Già, perché Pabarile e Montecrastu, i due paesi in cui è ambientata la vicenda, sono luoghi di confine. Immersi in una landa che sembra infinita, in cui si disputano i destini delle due squadre locali e si mescolano passioni umane fatte di rivalsa e vendetta. In parallelo c'è l'ascesa e la caduta dell'arbitro Cruciani, interpretato da Stefano Accorsi, figura quasi cristologica che non disdegna suo malgrado di mettersi un po' nei panni di un Giuda e di vendersi per trenta denari. Un universo prettamente maschile in cui c'è un'unica presenza femminile: la Miranda di Geppi Cucciari.

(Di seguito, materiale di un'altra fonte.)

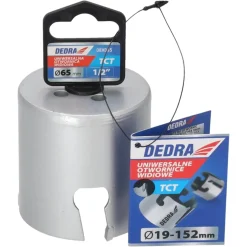 DEDRA 08X065 Otwornica TCT widiowa koronka 65 mm 5/8'' do drewna metalu PCV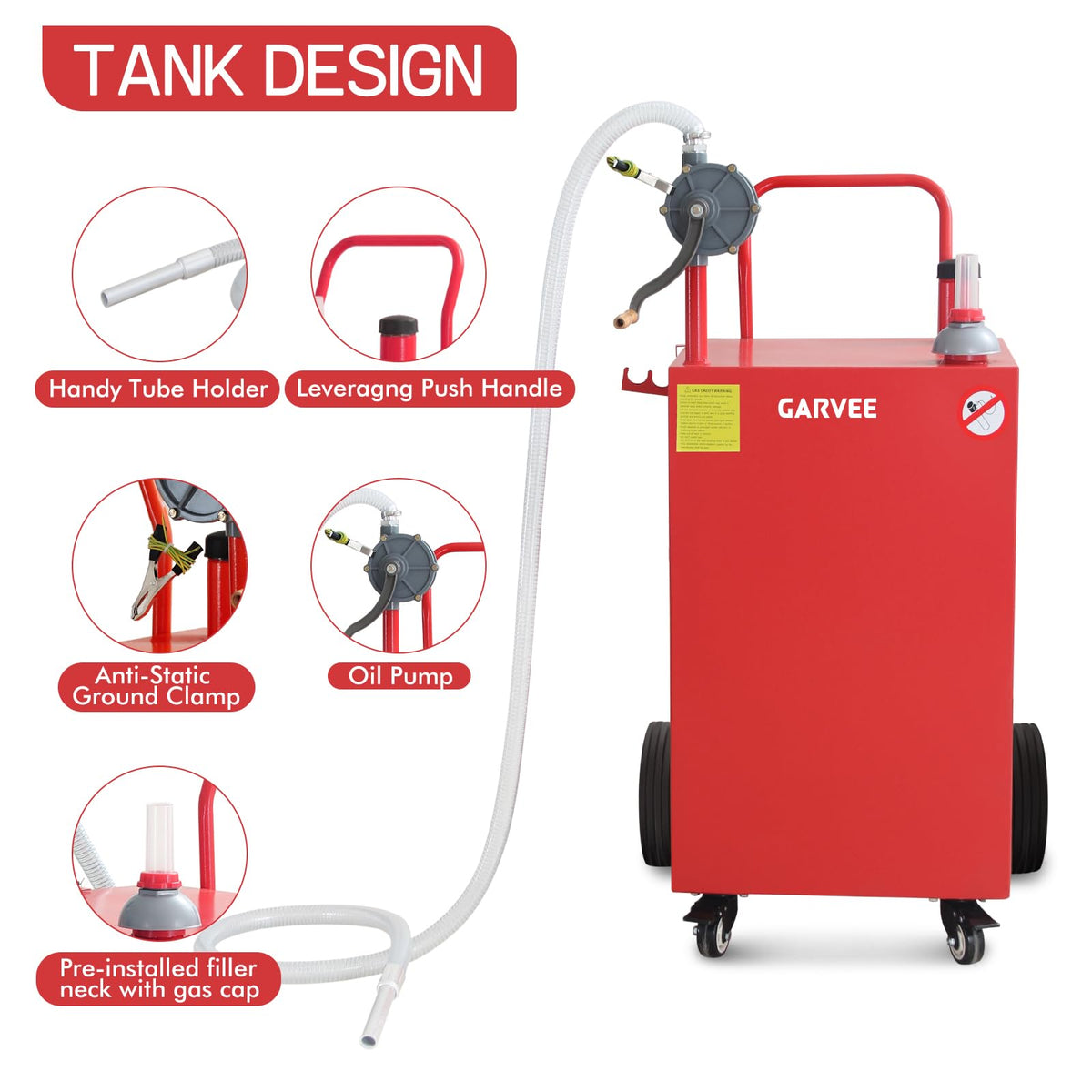 45 Gallon Portable Fuel Caddy with 4 Wheels & Manual Pump, Heavy Duty Gas Storage Tank for Gasoline & Diesel, Ideal for Trucks, Boats, ATVs, Lawn Mowers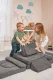 ECOTOYS Large Modular Kids Play Couch, 10-Piece 2-Seater Sofa, Grey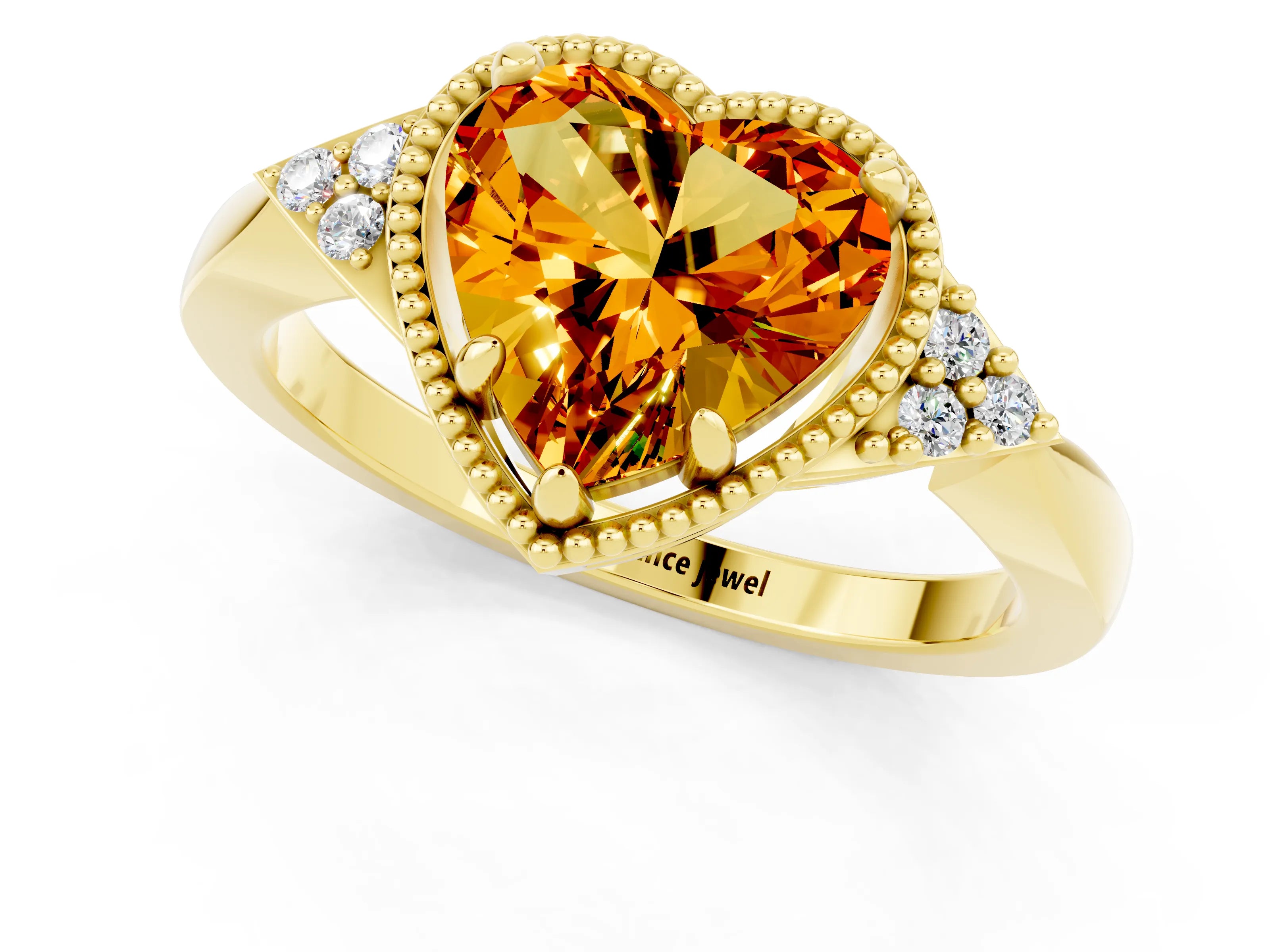 Yellow gold Heart Cut Citrine Halo Ring with Tapered Band and Four-Prong Setting_1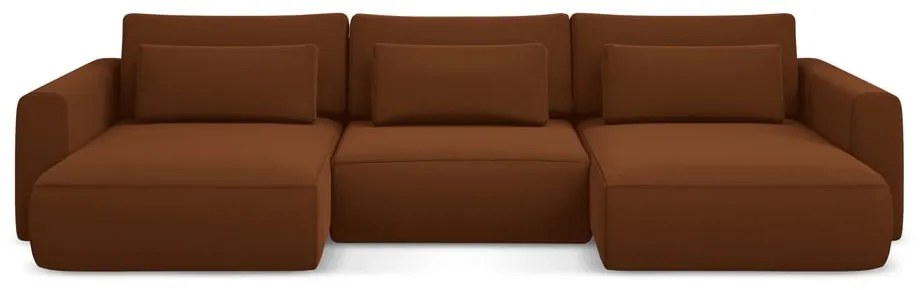 Terrakotta színű bársony kinyitható-tárolóhelyes (U alakú) sarokkanapé Kapua – Makamii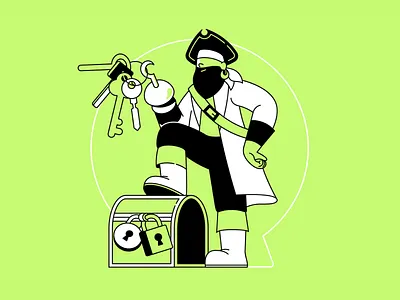 The pirate is looking for the key article blog design design illustration key keyword pirate treasure vector vector art иллюстрация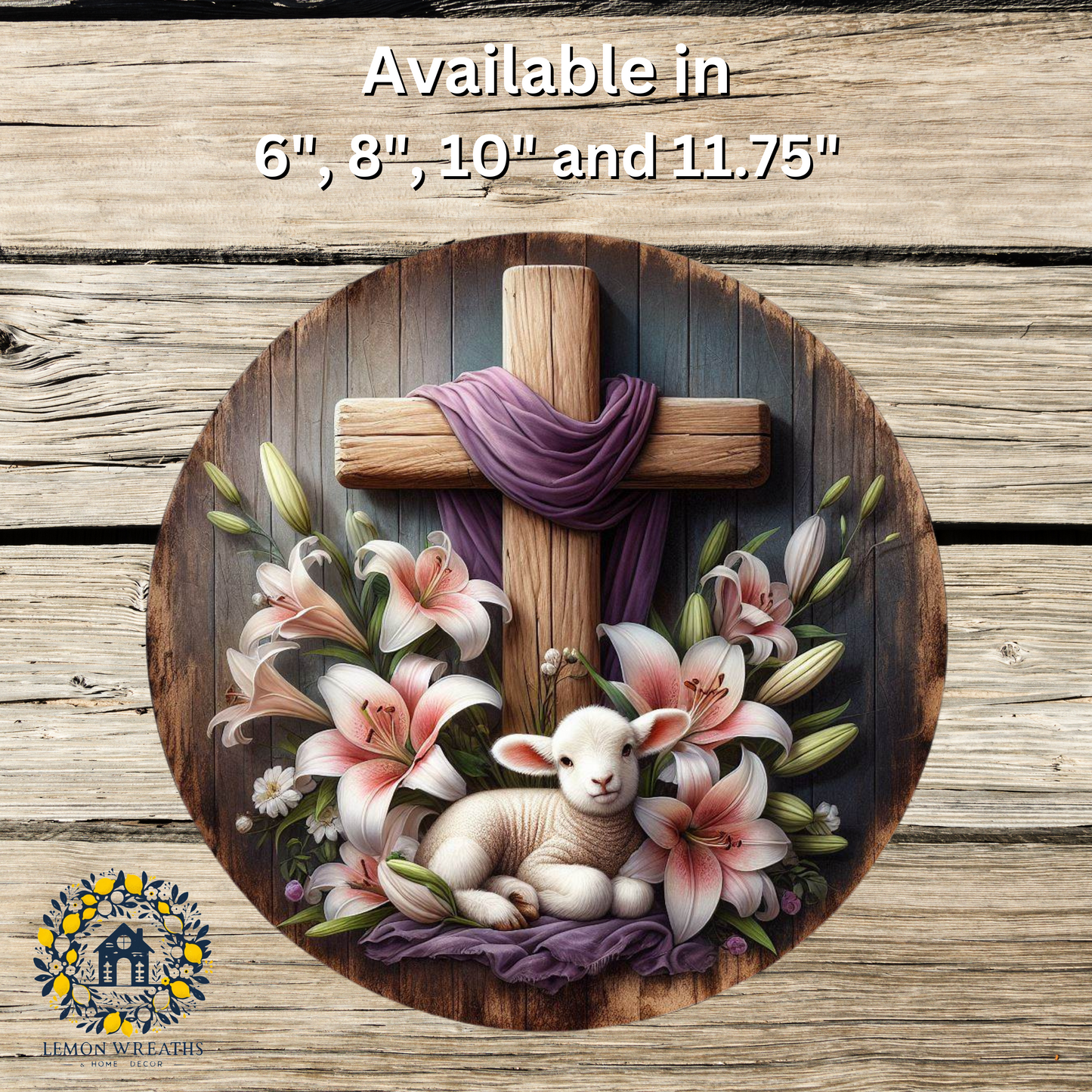 Easter Cross and Lilies Wood Background Metal Sign
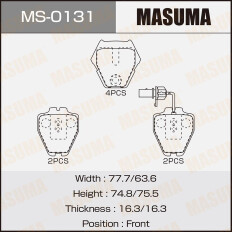 Колодки тормозные дисковые Masuma передние, комплект на ось (4 шт), арт. MS-0131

Una «bisbetica sexy» la definisce Paolo Zucca, protagonista della parentesi "romantica" del film. Di lei infatti si innamora il bomber del Pabarile, Mazutzi (intepretato da Jacopo Cullin), un ragazzo appena rientrato dall'Argentina, dove suo padre a dispetto delle attese non ha fatto fortuna. «Il film è molto maschile per via dell'ambientazione e io faccio il ruolo di una donna sarda, isterica...ma di 35 anni. - racconta ironicamente Geppi che ricorda anche quando Paolo Zucca le propose la parte - Mi ha chiesto al telefono: vuoi fare un film con Stefano Accorsi e Benito Urgu (che interpreta suo padre, l'allenatore cieco del Pabarile, ndr.). Ovviamente quando uno ti dice così ovvio che accetti, vuoi sapere dove va a parare. Così sono arrivata sul set, ed è stato un privilegio lavorare con lui». Jacopo Cullin, alias Mazutzi, il ruolo se l'è dovuto invece conquistare con le unghie e con i denti: «Paolo mi aveva proposto un ruolo secondario, ma poi leggendo la sceneggiatura vedevo il ruolo di Mazutzi è pensavo: questo sono io. Così ho chiesto a Paolo di darmi almeno una possibilità, facendomi fare il provino per quella parte». E ha fatto goal.

Poco prima dell'inizio del film c'è stato spazio anche per la lettura di un documento portato dall'associazione regionale Moviementu che raccoglie registi, maestranze, operatori culturali del mondo del cinema che chiedono di sviluppare il settore cinematografico e audivisivo dell'isola, in maniera tale da renderlo finalmente un'industria sostenibile. Per questo motivo - spiegano - deve essere sostenuta con risorse adeguate, tenendo conto delle tante professionalità presenti in Sardegna. Perché il grande schermo sarà anche il luogo dei sogni, ma quei sogni vanno alimentati se no rischiano di morire per sempre.